Unfiltered minerals in Catskills water are the key to NYC's bagels

Above: A bagel with lox from H&H Bagels Midtown East. Photo by Flickr user Kenneth Lu.

A story by the business news site Quartz on Oct. 7 confirmed what New Yorkers already know: The secret to NYC's bagels is in the water. 

Bagel entrepreneurs are so desperate to mimic NYC's water that they have spent years and lots of cash adding those minerals back into their own water in places like Denver and Florida, Quartz reports.

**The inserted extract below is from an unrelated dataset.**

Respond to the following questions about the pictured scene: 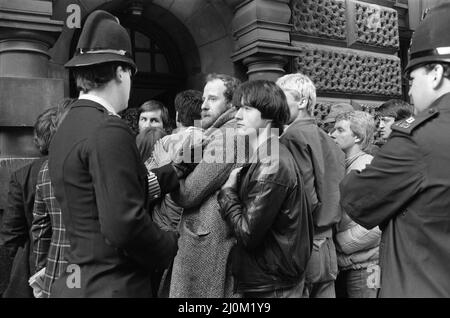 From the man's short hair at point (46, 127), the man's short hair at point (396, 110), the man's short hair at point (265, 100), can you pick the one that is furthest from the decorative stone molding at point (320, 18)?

The site interviews Josh Pollack, a bagel maker in Denver, who has developed a secret formula to put NYC-style water into his bagels:

“It’s mainly New York’s watershed program that’s the difference,” he says of the initiative that protects the region’s natural water sources, enabling local utilities to minimally-process the city’s drinking water. “They don’t use a sediment filter for their water, so a lot of the minerals that come from the reservoirs, as a result of those watershed protections, are still in the water." ...

Pollack, a New Jersey native, spent nearly a year sending water samples from across the NYC metro area back to Colorado State University for testing in order to narrow down the specific elemental differences. He then contracted with a local filtration company to build his shop a system that would reintroduce the necessary minerals, in the proper proportions, into his metro Denver tap water.

Unlike most cities, which have filtration plants, NYC's water is unfiltered, most of it piped straight over 100 miles from its system of Catskills reservoirs.

According to Quartz, the lack of filtration keeps a specific proportion of calcium and magnesium in NYC's tapwater. The minerals "strengthen the glutens" in bagels, making them chewy on the inside and crispy on the outside.